- Promotional release poster
- Directed by: John Adams; Toby Poser;
- Written by: John Adams; Lulu Adams; Toby Poser;
- Produced by: Miljan Gogic; Matt Manjourides; Justin A. Martell;
- Starring: Toby Poser; John Adams; Maximum Portman; Anders Hove;
- Distributed by: Shudder
- Release date: July 29, 2024;
- Running time: 92 minutes
- Countries: United States; Serbia;
- Languages: English; Serbian; French; Slovenian;

= Hell Hole (2024 film) =

2024 film directed by John Adams and Toby Poser

Hell Hole is a 2024 monster horror-thriller film directed by John Adams and Toby Poser. Its plot features a fracking team stationed in Serbia that encounters a strange and threatening creature.

==Cast==
- Toby Poser as Emily
- John Adams as John
- Maximum Portman as Teddy
- Anders Hove as French Captain
- Marko Filipović as French Soldier
- Olivera Peruničić as Sofija
- Aleksandar Trmčić as Nikola
- Petar Arsić as Danko
- Bruno Veljanovski as Christian
- Boris Lukman as Filip
- Janko Radišić as Bosko
- Marko Vučković as Luka
- Joana Knežević as Mickey
- Ivan Đorđević as Ivan
- Fedor Đorović as Petar
- Marina Gunjača as Roma Woman

==Release==
Hell Hole was released in Canada on July 29, 2024 as part of the 28th Fantasia International Film Festival. It was released in the United States on August 23, 2024.

==Reception==
 Metacritic, which uses a weighted average, assigned the film a score of 62 out of 100, based on 10 critics, indicating "generally favorable" reviews.
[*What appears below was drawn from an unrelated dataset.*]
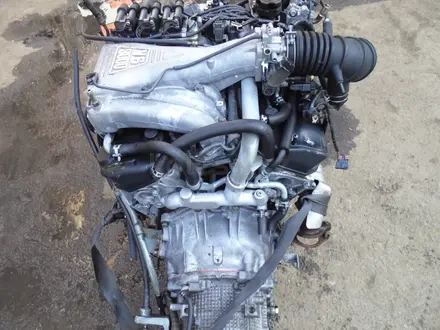 Двигатель НА Toyota HULIX за 10 000 тг. в Алматы – фото 6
Brian Tallerico of RogerEbert.com gave the film 2.5 stars out of 4, praising its gore and humor, but saying that it's "kind of a disappointment" compared to the other films of John Adams and Toby Poser. Matthew Jackson of Paste gave the film a mildly positive review, saying that it rides "a fascinating tonal line between black comedy and sincere character drama." Catherine Bray of The Guardian gave the film 3 stars out of 5, calling it "mostly satisfying" and "a committed piece of indie genre work with a suitably silly sense of the macabre."